From: Dan Williams <dan.j.williams@intel.com>
To: Dave Jiang <dave.jiang@intel.com>, <linux-cxl@vger.kernel.org>
Cc: <dan.j.williams@intel.com>, <ira.weiny@intel.com>,
<vishal.l.verma@intel.com>, <alison.schofield@intel.com>,
<Jonathan.Cameron@huawei.com>, <dave@stgolabs.net>
Subject: Re: [PATCH v5 3/4] cxl: Fix incorrect region perf data calculation
Date: Mon, 1 Apr 2024 12:33:56 -0700 [thread overview]
Message-ID: <660b0c2473df6_15786294da@dwillia2-mobl3.amr.corp.intel.com.notmuch> (raw)
In-Reply-To: <20240325230234.1847525-4-dave.jiang@intel.com>
Dave Jiang wrote:
> Current math in cxl_region_perf_data_calculate divides the latency by 1000
> every time the function gets called. This causes the region latency to be
> divided by 1000 per memory device and the math is incorrect.

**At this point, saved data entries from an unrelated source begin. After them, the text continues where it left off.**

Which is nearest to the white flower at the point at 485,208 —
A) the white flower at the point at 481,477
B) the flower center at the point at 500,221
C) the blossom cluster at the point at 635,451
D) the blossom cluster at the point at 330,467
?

This is user
> visible as the latency access_coordinate exposed via sysfs will show
> incorrect latency data.
>
> Move the latency adjustment to where dpa_perf is set and this should
> provide the appropriate latency for the region for each endpoint.
>
> Fixes: 3d9f4a197230 ("cxl/region: Calculate performance data for a region")
> Signed-off-by: Dave Jiang <dave.jiang@intel.com>
> ---
> drivers/cxl/core/cdat.c | 23 ++++++++++++-----------
> 1 file changed, 12 insertions(+), 11 deletions(-)
>
> diff --git a/drivers/cxl/core/cdat.c b/drivers/cxl/core/cdat.c
> index 5b75d2d56099..a1b204d451d3 100644
> --- a/drivers/cxl/core/cdat.c
> +++ b/drivers/cxl/core/cdat.c
> @@ -214,8 +214,19 @@ static int cxl_port_perf_data_calculate(struct cxl_port *port,
> static void update_perf_entry(struct device *dev, struct dsmas_entry *dent,
> struct cxl_dpa_perf *dpa_perf)
> {
> - for (int i = 0; i < ACCESS_COORDINATE_MAX; i++)
> + for (int i = 0; i < ACCESS_COORDINATE_MAX; i++) {
> dpa_perf->coord[i] = dent->coord[i];
> + /*
> + * Convert latency to nanosec from picosec to be consistent
> + * with the resulting latency coordinates computed by the
> + * HMAT_REPORTING code.
> + */
> + dpa_perf->coord[i].read_latency =
> + DIV_ROUND_UP(dpa_perf->coord[i].read_latency, 1000);
> + dpa_perf->coord[i].write_latency =
> + DIV_ROUND_UP(dpa_perf->coord[i].write_latency, 1000);
It feels like a latent bug that dpa_perf is temporarily counted in
picoseconds. I.e. every place that assigns into a 'struct
access_coordinate' should do so in nanoseconds. I see how this change
fixes the "over-division" problem, but dpa_perf->coord should never have
storted picosecond values in the first instance.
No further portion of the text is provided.